大阪市の吉村市長が重視する「教育費無償化」、新年度から認可外保育施設へ通う児童も対象とする方針を明言されました。しかし、対象となる児童が限定される恐れもあります。

大阪市 認可外も教育費無償化 「認可」希望した園児対象 市方針 /大阪

毎日新聞2016年11月30日 地方版

幼児教育の無償化を進める大阪市の吉村洋文市長は29日の市議会本会議で、これまで無償化の対象外だった認可外保育所に通う子どものうち、認可保育所を希望して入れなかった「待機児童」については来年度から対象に含める方針を明らかにした。市は今年4月から、5歳児について学校教育法で「学校」として扱われる幼稚園の保育料は原則全額無料、認可保育所の保育料は5~6割部分を教育費として無料にした。来年度は4歳児へも拡大する方針だ。
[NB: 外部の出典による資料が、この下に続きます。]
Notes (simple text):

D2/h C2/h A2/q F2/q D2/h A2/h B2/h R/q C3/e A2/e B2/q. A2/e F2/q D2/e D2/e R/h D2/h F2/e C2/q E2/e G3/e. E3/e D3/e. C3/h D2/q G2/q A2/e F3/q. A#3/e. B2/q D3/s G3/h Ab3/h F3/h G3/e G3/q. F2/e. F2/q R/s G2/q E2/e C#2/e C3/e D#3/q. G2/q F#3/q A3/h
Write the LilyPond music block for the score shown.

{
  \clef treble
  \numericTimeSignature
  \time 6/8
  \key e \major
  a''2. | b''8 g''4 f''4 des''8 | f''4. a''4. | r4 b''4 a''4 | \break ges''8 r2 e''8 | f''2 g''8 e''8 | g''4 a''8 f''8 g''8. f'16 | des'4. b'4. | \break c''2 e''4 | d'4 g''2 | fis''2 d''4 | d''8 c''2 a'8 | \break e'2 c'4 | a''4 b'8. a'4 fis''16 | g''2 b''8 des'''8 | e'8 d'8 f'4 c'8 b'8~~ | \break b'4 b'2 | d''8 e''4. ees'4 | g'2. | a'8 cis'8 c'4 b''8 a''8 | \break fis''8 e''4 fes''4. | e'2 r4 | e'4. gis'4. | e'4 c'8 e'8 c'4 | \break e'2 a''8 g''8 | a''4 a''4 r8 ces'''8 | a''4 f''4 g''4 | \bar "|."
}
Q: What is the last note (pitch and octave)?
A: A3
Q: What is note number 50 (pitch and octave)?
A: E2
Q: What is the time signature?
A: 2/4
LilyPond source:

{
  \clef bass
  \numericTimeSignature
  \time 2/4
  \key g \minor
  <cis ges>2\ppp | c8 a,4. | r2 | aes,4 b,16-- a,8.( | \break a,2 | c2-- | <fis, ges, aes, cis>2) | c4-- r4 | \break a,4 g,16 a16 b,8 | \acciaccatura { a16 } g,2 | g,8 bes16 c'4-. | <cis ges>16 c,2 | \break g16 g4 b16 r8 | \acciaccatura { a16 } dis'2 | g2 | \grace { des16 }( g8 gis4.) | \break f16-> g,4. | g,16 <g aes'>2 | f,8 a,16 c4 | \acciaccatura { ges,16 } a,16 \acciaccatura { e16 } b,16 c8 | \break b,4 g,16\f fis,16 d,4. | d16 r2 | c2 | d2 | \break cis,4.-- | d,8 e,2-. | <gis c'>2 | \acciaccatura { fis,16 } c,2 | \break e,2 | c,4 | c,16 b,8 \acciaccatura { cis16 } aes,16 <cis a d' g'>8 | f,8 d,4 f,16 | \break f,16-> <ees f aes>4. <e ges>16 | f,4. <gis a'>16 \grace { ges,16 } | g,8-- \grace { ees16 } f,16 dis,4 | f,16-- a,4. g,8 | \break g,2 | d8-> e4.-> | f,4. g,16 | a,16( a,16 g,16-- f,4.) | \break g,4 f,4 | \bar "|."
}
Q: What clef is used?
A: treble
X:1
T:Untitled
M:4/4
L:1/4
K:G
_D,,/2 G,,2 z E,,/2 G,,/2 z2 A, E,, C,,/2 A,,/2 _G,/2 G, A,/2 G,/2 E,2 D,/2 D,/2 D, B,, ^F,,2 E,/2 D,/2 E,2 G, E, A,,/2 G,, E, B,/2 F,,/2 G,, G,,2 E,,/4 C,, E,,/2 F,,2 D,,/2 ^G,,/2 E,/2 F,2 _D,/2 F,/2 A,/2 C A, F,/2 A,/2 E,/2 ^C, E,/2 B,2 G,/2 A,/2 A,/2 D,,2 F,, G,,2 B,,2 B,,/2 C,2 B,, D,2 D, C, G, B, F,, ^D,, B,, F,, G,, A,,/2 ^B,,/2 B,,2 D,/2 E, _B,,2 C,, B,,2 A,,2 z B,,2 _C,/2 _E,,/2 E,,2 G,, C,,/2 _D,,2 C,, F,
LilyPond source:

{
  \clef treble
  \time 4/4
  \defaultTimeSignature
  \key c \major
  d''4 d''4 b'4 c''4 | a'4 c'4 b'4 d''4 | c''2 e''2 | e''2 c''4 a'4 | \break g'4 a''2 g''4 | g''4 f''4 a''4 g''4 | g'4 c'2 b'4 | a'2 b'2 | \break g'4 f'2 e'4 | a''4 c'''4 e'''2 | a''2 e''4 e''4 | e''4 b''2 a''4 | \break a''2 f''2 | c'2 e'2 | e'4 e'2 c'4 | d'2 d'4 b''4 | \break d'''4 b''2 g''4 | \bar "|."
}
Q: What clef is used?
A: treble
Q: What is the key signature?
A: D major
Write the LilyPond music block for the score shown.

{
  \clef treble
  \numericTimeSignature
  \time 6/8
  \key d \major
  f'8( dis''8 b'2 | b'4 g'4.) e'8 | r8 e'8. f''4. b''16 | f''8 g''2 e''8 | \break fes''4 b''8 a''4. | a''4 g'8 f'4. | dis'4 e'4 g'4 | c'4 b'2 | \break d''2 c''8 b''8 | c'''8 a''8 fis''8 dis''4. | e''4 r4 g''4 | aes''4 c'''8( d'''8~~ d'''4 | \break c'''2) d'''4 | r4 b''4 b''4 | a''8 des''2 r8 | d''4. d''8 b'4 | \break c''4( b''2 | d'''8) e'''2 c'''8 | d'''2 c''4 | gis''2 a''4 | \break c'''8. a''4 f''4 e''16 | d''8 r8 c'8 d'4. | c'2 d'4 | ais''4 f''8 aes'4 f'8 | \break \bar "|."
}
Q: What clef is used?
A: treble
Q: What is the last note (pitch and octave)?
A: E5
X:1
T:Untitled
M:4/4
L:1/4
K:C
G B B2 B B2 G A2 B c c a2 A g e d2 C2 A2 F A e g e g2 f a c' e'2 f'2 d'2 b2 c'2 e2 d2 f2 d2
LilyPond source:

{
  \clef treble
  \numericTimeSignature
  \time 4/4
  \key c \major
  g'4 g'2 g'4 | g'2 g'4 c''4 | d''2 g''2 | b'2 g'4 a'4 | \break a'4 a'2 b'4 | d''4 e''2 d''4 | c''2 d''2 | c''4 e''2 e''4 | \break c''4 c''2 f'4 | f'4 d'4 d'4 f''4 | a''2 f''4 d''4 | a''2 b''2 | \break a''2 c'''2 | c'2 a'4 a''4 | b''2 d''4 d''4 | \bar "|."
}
また、一定の教育水準を満たす認可外施設については、待機児童でなくても来年度中に対象とする意欲を示している。

市によると、今年4月現在の待機児童は273人。年齢別では1歳児が190人と圧倒的に多く、4、5歳児は各2人の計4人。

市長の答弁内容は動画にて公開されています。関連部分(趣旨)を文字に起こしてみました。

金子恵美議員(維新)
・市長は今年度から幼稚園、保育所へ通う5歳児を対象として教育無償化を実施した
・他の議員からの質問に対し「来年からは4歳児に広げたい」と明言した
・市長は認可外保育施設に通う児童も対象としたいと表明している
認可保育所へ入れず待機児童となってしまい、やむを得ず認可外保育施設へ通わせている保護者には、保育所へ入れなかったことに加え、無償化の対象外となっている事への強い不公平感がある
・単に子供を預かる施設から教育に重点を置く施設まで、認可外保育施設の運営実態は様々である
・幼児教育が一定の水準を満たす施設は対象とすべきである

市長
・4-5歳児は教育の時期であるという考えを社会に浸透させたい
・保育所への入所を希望しながら待機児童となり、やむを得ず認可外保育施設へ通う児童は、公平性の観点から来年4月から対象とすべきだと考えている
・認可外保育施設は児童福祉法による認可を受けていない、様々な施設の総称である
・子供の安全確保の観点から、一定の条件設定が必要だと考えている
・待機児童でなくとも一定の幼児教育を受けている児童も対象にすべきである
・対象となる施設を見極める必要がある
・教育の内容を審査する基準作りを行う必要があり、保育幼児教育センターで検討したい
・来年度中には一定水準の幼児教育を実践している認可外保育施設に通う待機児童以外の子供達に対しても、幼児教育の無償化を進めていきたい

https://youtu.be/8usnB3tdVTE?t=23m42s

市長答弁から2つの方針が読み取れます。

1.平成29年4月から教育費無償化対象
(1)4-5歳児クラスに在籍している
(2)保育所への入所希望したが待機児童となった
(3)やむを得ず認可外保育施設へ通っている

2.平成29年度以降に教育費無償化対象としたい
(1)4-5歳児クラスに在籍している
(2)一定水準の幼児教育を実践している認可外保育施設へ通っている

「待機児童」の定義によっては対象が限定される

一歩前進と感じる一方、無償化対象となる児童の範囲が極めて限定的となる危険もあります。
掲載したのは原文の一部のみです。